EXERCISE BRIEF: Restating the data exactly is the whole task.

AVAILABLE DATA:
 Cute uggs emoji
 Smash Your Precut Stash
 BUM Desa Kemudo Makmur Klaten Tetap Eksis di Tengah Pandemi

YOUR SOLUTION:
 Cute uggs emoji
 Smash Your Precut Stash
 BUM Desa Kemudo Makmur Klaten Tetap Eksis di Tengah Pandemi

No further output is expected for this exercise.